A day later, and my existing skeleton was now in Nuxt. Excellent. But what about that MarkDown? At this point, things got a little complicated. I'll leave the full ins-and-outs of the implementation for a dedicated post, but what I ended up doing was following this post, which pointed me to a GitHub repo which backs a pair of statically generated sites, that did exactly what I wanted - Markdown rendered into Vue components! Helpfully, the author open-sourced the code behind his site, which was immensely useful - although it was in Typescript, I was able to reverse engineer how the various elements connected together, and replicate it, then modify it to serve my own needs. What I end up with is Webpack pulling in MarkDown files, which are then read into a Vuex store, parsed using frontmatter-markdown-loader (by the same author as the static sites mentioned earlier), which converts each MarkDown file into a Vue Component, which can then be loaded in however you like. Well, no-one said it would be easy... However, now that I've got it working, it's pretty extensible, and allows for a lot of control over how the content looks and where it ends up.
Deploying - done is better than perfect
Once I had the basic page layout running, and markdown rendering working, I made a quick list of everything I felt I needed to fix about the site before going live. Because I was in the MVP mindset, it was actually shorter than I expected (handy, as everything took longer than planned - the ninety-ninety rule wins again).

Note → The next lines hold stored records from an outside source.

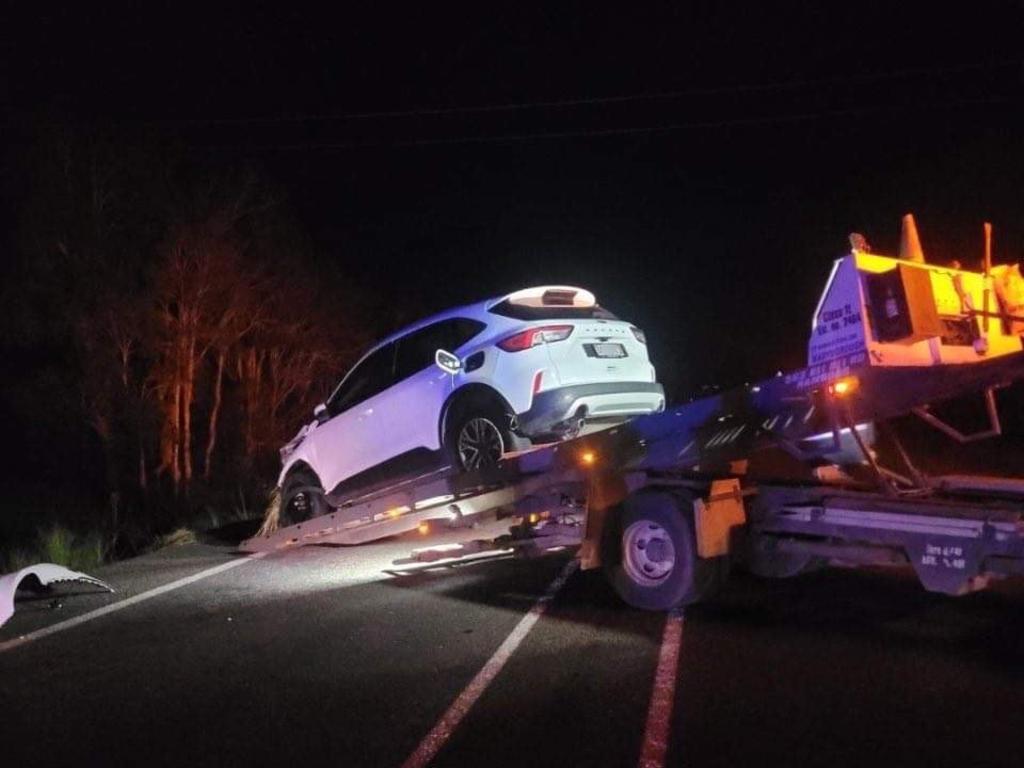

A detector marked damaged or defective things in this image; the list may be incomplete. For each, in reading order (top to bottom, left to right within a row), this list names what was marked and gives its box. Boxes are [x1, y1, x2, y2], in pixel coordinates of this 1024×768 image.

crashed car [278, 286, 664, 520]
damaged vehicle [276, 284, 668, 524]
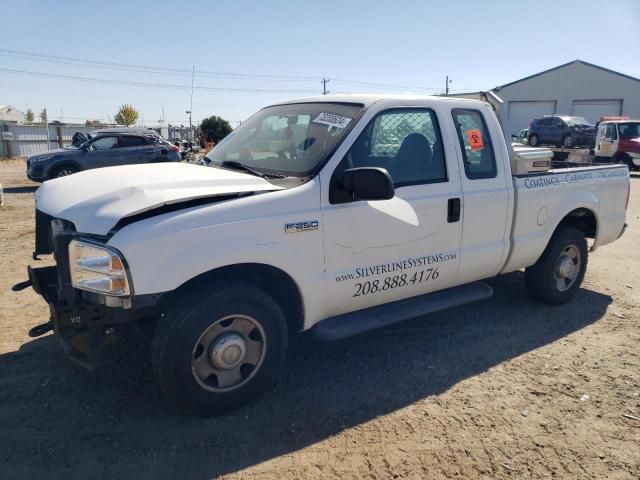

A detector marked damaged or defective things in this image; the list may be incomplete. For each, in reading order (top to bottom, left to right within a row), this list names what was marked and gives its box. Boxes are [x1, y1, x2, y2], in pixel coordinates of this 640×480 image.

crumpled hood [36, 162, 282, 235]
damaged front end [14, 208, 161, 370]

I worked through them, one by one, deliberately cutting a few corners where yawning great rabbitholes appeared. Finally, I had a working site locally. It's deploy time!
As I mentioned earlier, I'd had my eye on Netlify for deploys for a while. It turns out, all the good things I'd heard so far have been completely accurate - Netlify is pretty awesome. They have really nice GitHub hook integration - it'll deploy from a branch you specify, it'll run test builds from PRs to that branch - as well as simple custom domain integration, and seamless Let's Encrypt integration - making HTTPS a doddle! I poked around a little on their dashboard, and they also offer a Functions API (think AWS Lambda), Forms, Auth, and more. Super nice bonuses, considering I just wanted a static site host - I'm definitely going to play around with these in the future!

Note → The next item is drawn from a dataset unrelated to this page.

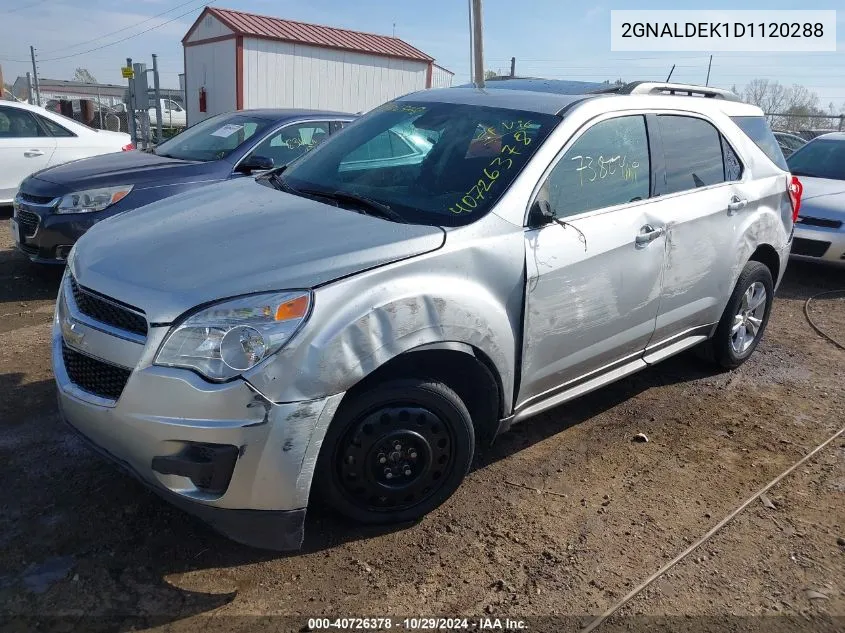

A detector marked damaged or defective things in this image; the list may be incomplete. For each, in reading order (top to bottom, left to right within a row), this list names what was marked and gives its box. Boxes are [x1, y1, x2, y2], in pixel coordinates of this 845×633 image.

damaged front bumper [52, 324, 342, 552]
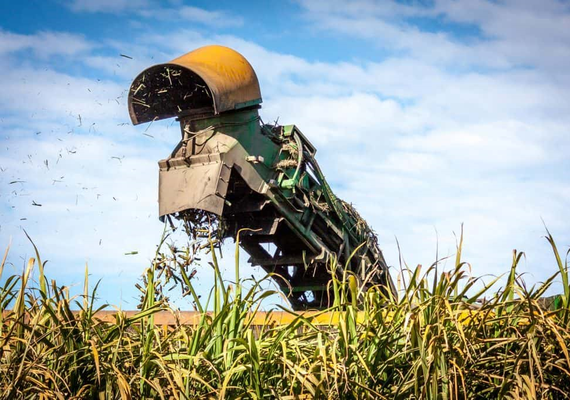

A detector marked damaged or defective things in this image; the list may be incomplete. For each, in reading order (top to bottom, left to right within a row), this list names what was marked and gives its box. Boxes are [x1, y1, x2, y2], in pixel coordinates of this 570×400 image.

rusty metal surface [127, 45, 260, 125]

My deploy was fairly pain free, as the deploys give logs of the deploy command you specify, so you can generally see what's going on/going wrong. I did get slightly tripped up by a silly mistake on my end, where I was relying on various empty content directories being created (for sections of the site that don't yet have content), but of course git doesn't have those directories, as it only sees files. Doh! Once I figured that out, it worked like a charm.
Where/what next?
There's still plenty to do on the site, but now I've got it released, I can start spreading my time onto other projects as well. As mentioned in a previous post, I'm looking to start a business around mitigating climate change, and I'm also potentially collaborating with someone else on another project in that space. However, in between those, there're still a bunch of improvements to the site I'd like to make:
- Improving the main logo (it's pretty yucky at the moment - I think I need to break out the Wacom tablet!)
- Adding syntax highlighting to code blocks. This proved non-trivial during development, as the code blocks are rendered from MarkDown into HTML, so figuring out where/when to apply something like PrismJS was a big yawning rabbithole. I hope to tackle that soon though.

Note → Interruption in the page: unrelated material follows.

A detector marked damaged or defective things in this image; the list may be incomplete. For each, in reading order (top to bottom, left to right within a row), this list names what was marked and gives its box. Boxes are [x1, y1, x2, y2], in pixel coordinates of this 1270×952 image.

- A general restyle and tidy-up of the CSS. It works as is, but there's a few tweaks and shiny bits I'd like to add here and there.
- Dynamic routing - I will go into more detail in a dedicated post on the MarkDown rendering, but I essentially have to hardcode some of the page routes for now, rather than generate them dynamically from the MarkDown posts. This feels emminently fixable, but I need to figure out more about how Nuxt and Webpack integrate.